Search code examples
pythonkeycombinationspython-itertools

Excluding combinations with duplicates based on a key function


I want to iterate over subsequences of a list, but I have a notion of uniqueness defined by an external function, and I want to ignore combinations that have multiple elements with the same value under the function.

For example, I have a list of names, and I want to iterate over all combinations of three of those names such that all three names start with different letters. The following code accomplishes this:

import itertools

names = ["Anabel",
         "Alison",
         "Avery",
         "Abigail",
         "Aimee",
         "Alice",
         "Bethany",
         "Beatrice",
         "Claudia",
         "Carolyn",
         "Diane",
         "Dana"]

f = lambda x : x[0]

for i in itertools.combinations(names, 3):
    if ((f(i[0]) != f(i[1])) and
        (f(i[0]) != f(i[2])) and
        (f(i[1]) != f(i[2]))):
        print i

What I'm actually doing here is iterating over all possible combinations of 3 names, and throwing out the ones that don't, which is of course slower than iterating over all combinations of 3 names. Is there a way that would actually be faster? To create an iterator that excludes the ones I want to skip in the first place?


Solution

  • Yes it's possible, one solution I could think of requires to create a dictionary grouping the f(value) and the actual names as a dictionary. I'll use iteration_utilities.groupedby here but it's easy to do it yourself using collections.defaultdict as well (I'll show it at the bottom of the answer).
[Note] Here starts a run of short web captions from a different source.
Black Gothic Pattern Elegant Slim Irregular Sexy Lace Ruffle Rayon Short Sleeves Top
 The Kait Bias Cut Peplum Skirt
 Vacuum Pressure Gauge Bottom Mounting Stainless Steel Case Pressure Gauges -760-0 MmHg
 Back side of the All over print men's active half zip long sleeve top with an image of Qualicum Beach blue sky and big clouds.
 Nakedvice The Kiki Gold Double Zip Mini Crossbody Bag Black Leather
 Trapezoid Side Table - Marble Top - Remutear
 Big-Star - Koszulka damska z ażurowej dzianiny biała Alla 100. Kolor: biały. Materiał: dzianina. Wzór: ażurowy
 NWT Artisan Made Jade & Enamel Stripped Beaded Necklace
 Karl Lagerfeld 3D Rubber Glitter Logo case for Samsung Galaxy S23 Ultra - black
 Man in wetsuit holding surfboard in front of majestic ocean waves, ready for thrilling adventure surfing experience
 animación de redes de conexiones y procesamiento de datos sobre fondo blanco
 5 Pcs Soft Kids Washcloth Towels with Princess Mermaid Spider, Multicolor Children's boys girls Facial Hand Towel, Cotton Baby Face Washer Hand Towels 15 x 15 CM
    >>> from iteration_utilities import groupedby 
    >>> equivalent = groupedby(names, f)
    >>> equivalent
    {'A': ['Anabel', 'Alison', 'Avery', 'Abigail', 'Aimee', 'Alice'],
     'B': ['Bethany', 'Beatrice'],
     'C': ['Claudia', 'Carolyn'],
     'D': ['Diane', 'Dana']}
    

    Then you iterate over the combinations of the (sorted) keys in that dictionary and then use itertools.product to do the iterations over all names for each prefix:

    import itertools
    
    for comb in itertools.combinations(sorted(equivalent), 3):
        for uniquecomb in itertools.product(*[equivalent[i] for i in comb]):
            print(uniquecomb)
    

    The sorted is used because otherwise the order of appearance wouldn't be deterministic between runs.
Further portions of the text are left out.